# Conveyor belt and friction- Determine slip time

1. Sep 18, 2010

1. The problem statement, all variables and given/known data
A series of small packages is moved by a conveyor belt that passes

over a 300mm radius pulley. The belt starts from rest at t=0 and its

speed increases at a constant rate of 150 mm/s2. The

coefficient of friction is μ=0.75. Determine the time the first

package slips.

2. Relevant equations
$$V_{0}=0$$
$$r_{pulley}=300mm$$
$$a_{pulley}=150mm/s^{2}$$
$$\mu=0.75$$

These are equations for polar coordinates, which I'm thinking I may need to use to solve the problem.
$$F_{r}=ma_{r}$$
$$F_{\theta}=ma_{\theta}$$
$$F_{net}=F_{r}{\bf e}_{r}+F_{\theta}{\bf e}_{\theta}$$

$$m(\ddot{r}-r\dot{\theta}^{2})=F_{r}$$
$$m(r\ddot{\theta}+2\dot{r}\dot{\theta})=F_{\theta}$$

3. The attempt at a solution
First of all, I'm trying to decide if I should use cartesian, polar, or path coordinates for this problem.

If cartesian coordinates work, then I would set the problem up as below.
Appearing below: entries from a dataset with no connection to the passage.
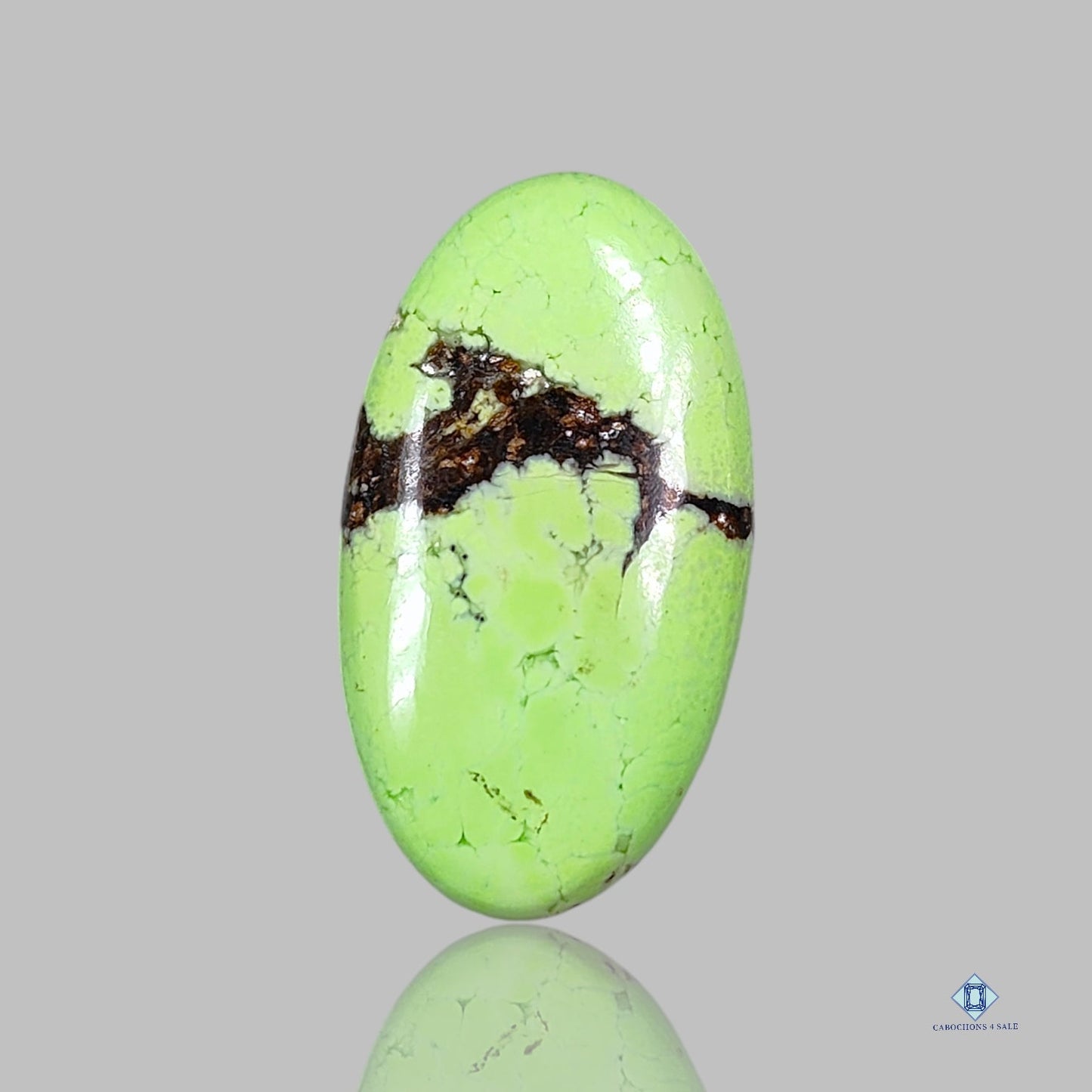 Citron Chrysoprase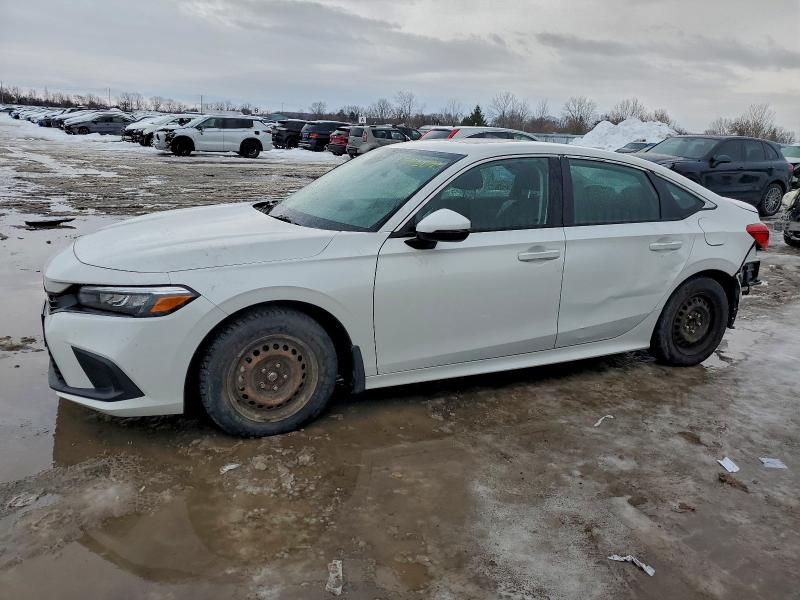 2024 HONDA CIVIC — VIN 2HGFE2F38RH112970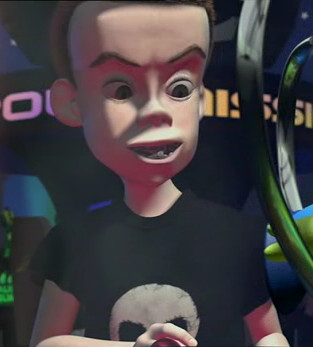 solomon4king:  Does anyone else think the Ohio shooter looks like Sid from Toy Story?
Also, I don't think the radius of the pulley would matter...?

Sum of forces x-dir = -Fs+Fpulley=ma
Sum of forces y-dir = N-mg=0 -----> N=mg

The maximum static friction would be Fssmg.

For polar or path coordinates, I wouldn't know where to start.

2. Sep 19, 2010

I'm getting closer... I think.

I actually think I can solve this without using polar or path coordinates.

So, for constant linear acceleration, we have:

vf2=vi2+2a(x2-x1)

Because x2-x1 is really 2πr (arc length), we have:

vf2=vi2+2a(2πr)

I can solve this for vf and then plug that into vf=vi+at to get time... But I'm missing something with the whole Fssmg=ma... Like it should factor into the acceleration value for the two formulas above. Any help?